Word for word, write the lines below out again, with no pictures.
··· DATA EXCERPT ···
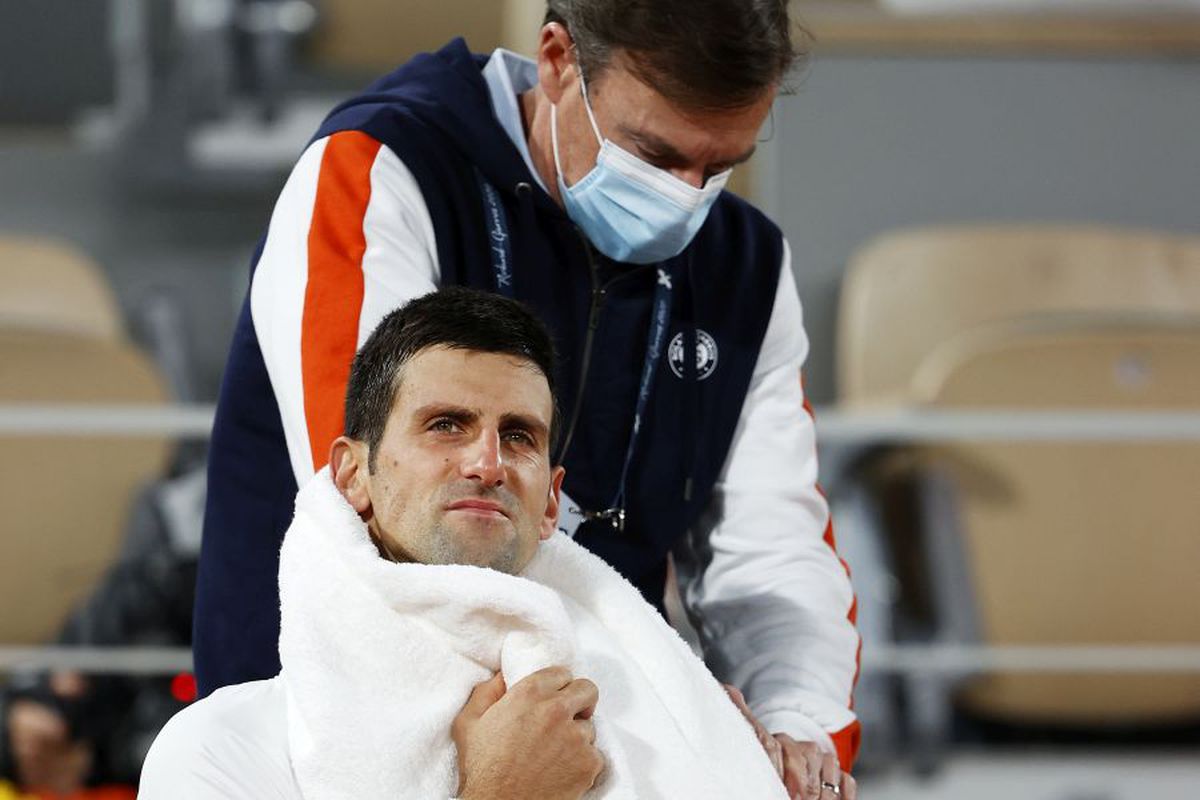 Roland Garros. Novak Djokovic, victorie cu mari emoții » A trecut peste accidentarea din primul set și s-a calificat în semifinale. Cine ia trofeul?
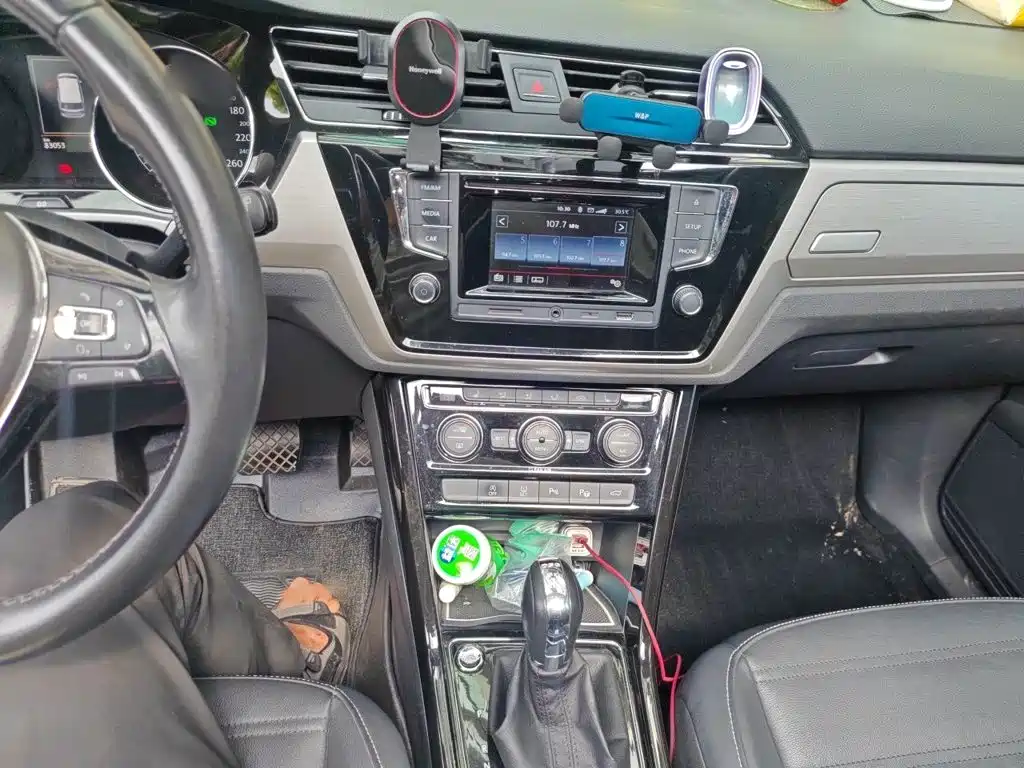 Volkswagen Touran — миниатюра 6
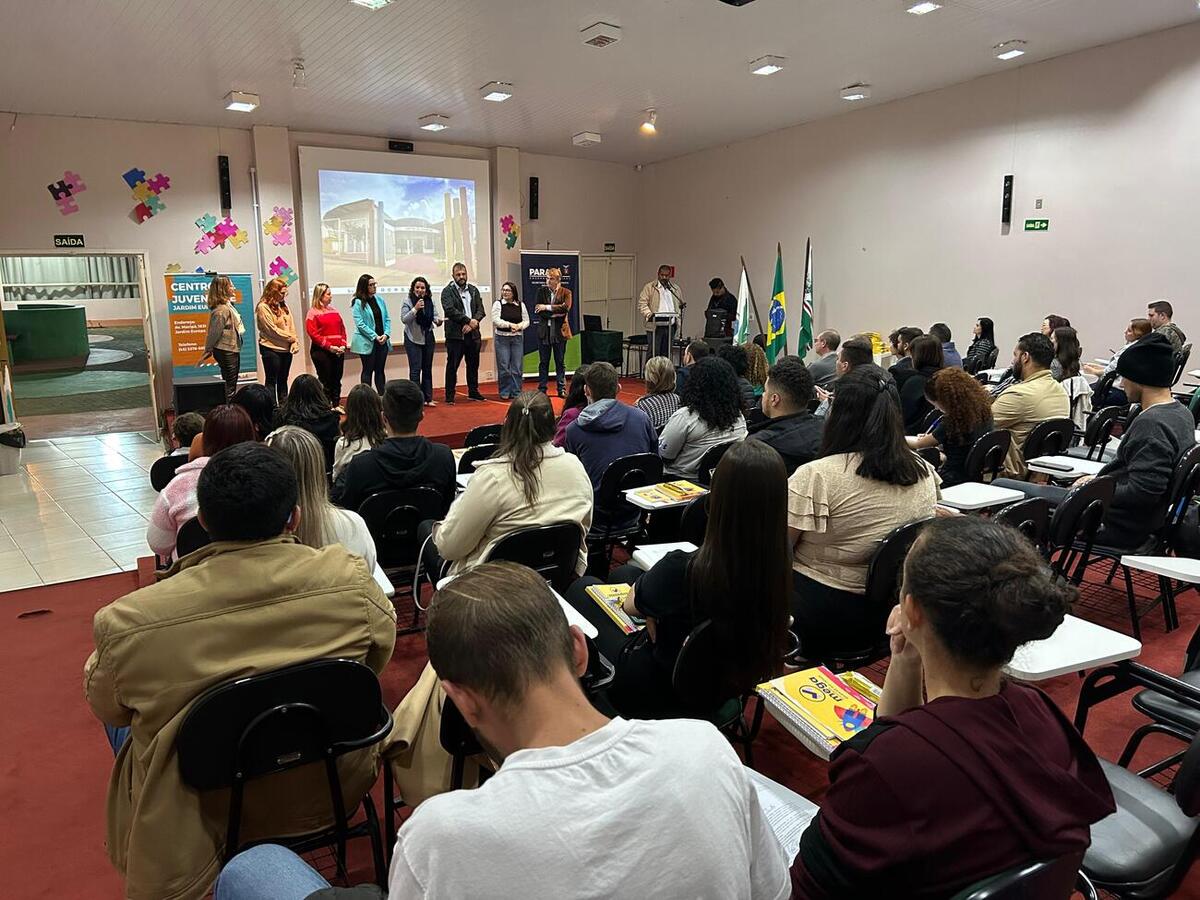 Curso é gratuito e voltado para jovens empreendedores com idade entre 18 e 29 anos, que já têm ou não o seu próprio negócio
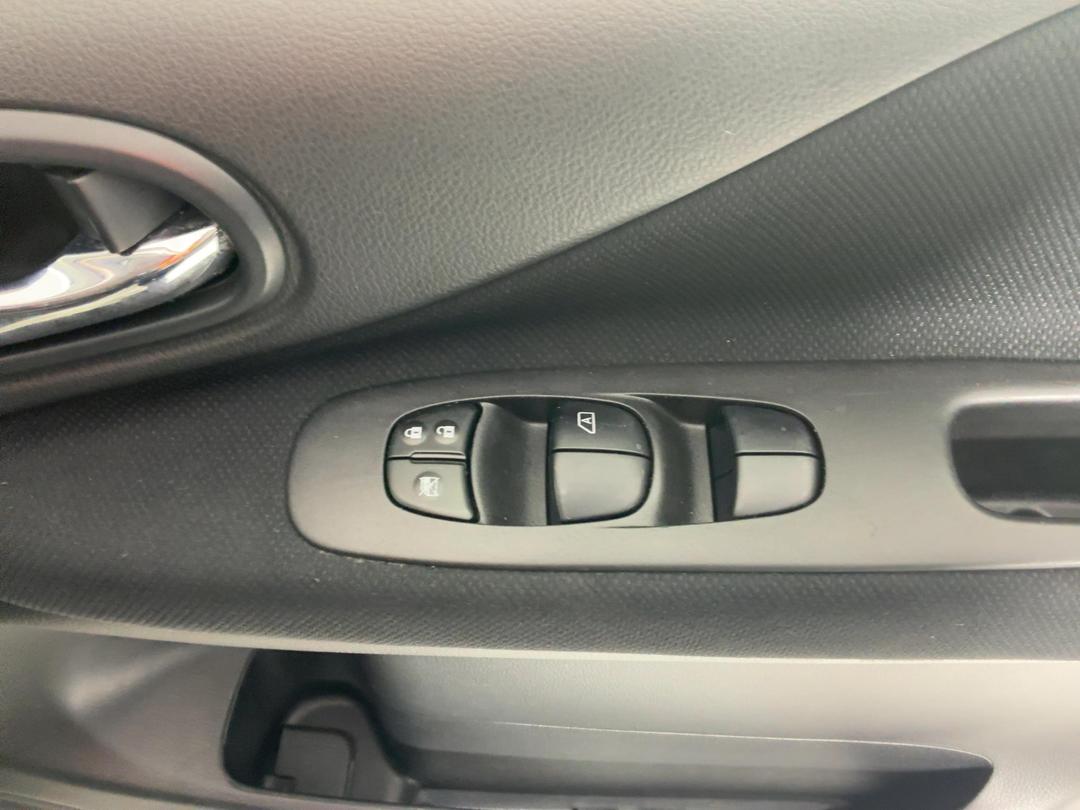 Photo '22' of Nissan Serena Photo '22' of Nissan Serena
···
§ EXERCISE OUTPUT
 Roland Garros. Novak Djokovic, victorie cu mari emoții » A trecut peste accidentarea din primul set și s-a calificat în semifinale. Cine ia trofeul?
 Volkswagen Touran — миниатюра 6
 Curso é gratuito e voltado para jovens empreendedores com idade entre 18 e 29 anos, que já têm ou não o seu próprio negócio
 Photo '22' of Nissan Serena Photo '22' of Nissan Serena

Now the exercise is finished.